E mais, diz estar de acordo que o apuramento dos factos não se fique por este relatório: “Seja na esfera judicial ou disciplinar, espero que a Direção do CES dê seguimento a qualquer indício de infração – como comunicou que faria – e que, pela minha apreciação do relatório e no me que diz respeito, não existe”.
“Acredito que as mais de 600 páginas de prova que juntei ao processo tenham contribuído para que nada de objetivo contra mim tenha sido concluído. Espero que, apesar das limitações que revelou, este processo sirva de exemplo para futuro. Quero acreditar que abre um caminho de esperança para um melhor desempenho, a todos os níveis, tanto do CES como de todas as instituições de investigação”, remata.
A reação inicial de Boaventura Sousa Santos e do CES às denúncias
Ainda que o capítulo do livro que espoletou tudo não identificasse ninguém, assim que este foi tornado público, ao DN, Boaventura Sousa Santos acabou por dizer reconhecer-se na descrição do professor-estrela, ainda que rejeitasse as acusações. E ameaçou que iria avançar com um processo-crime por difamação contra as três mulheres — como o Observador noticiou na altura dificilmente neste caso estaria em causa o crime de difamação, dado que o artigo não identificava ninguém.
Depois das primeiras notícias, houve outras alegadas vítimas que acabaram por fazer denúncias. No total, foram 32 as denunciantes.
O assistente de Boaventura Sousa Santos, Bruno Sena Martins, seria outra das personagens mencionadas no artigo (o Aprendiz) e era descrito como o “braço direito intelectual do professor e o seu sucessor”, que recebia os doutorados estrangeiros, estudantes e outros jovens investigadores.

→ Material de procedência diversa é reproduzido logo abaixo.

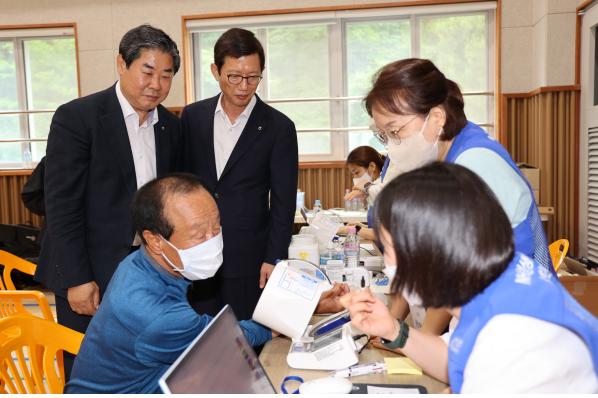 제 1차 농촌순회진료행사에서 NH농협생명 윤해진 대표이사(오른쪽)가 연세의료원 의료진을 격려하는 모습 (출처=농협생명)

Dias após a publicação do artigo, a direção e a presidência do Conselho Científico do CES anunciaram que ambos tinham sido suspensos “de todos os cargos que ocupavam” na instituição, “até ao apuramento de conclusões” da comissão. O CES demarcou-se de todas as acusações e das “posições assumidas publicamente por Boaventura de Sousa Santos e Bruno Sena Martins, nomeadamente no que respeita à intenção de avançar judicialmente contra as autoras”.
Agora, as conclusões do relatório, que nunca menciona o nome de Boaventura Sousa Santos, nem dos restantes membros do CES denunciados, são calaras: “Da análise de toda a informação reunida, bem como das versões entre as pessoas denunciantes e pessoas denunciadas que foram compatíveis entre si, indiciam padrões de conduta de abuso de poder e assédio por parte de algumas pessoas que exerciam posições superiores na hierarquia do CES”.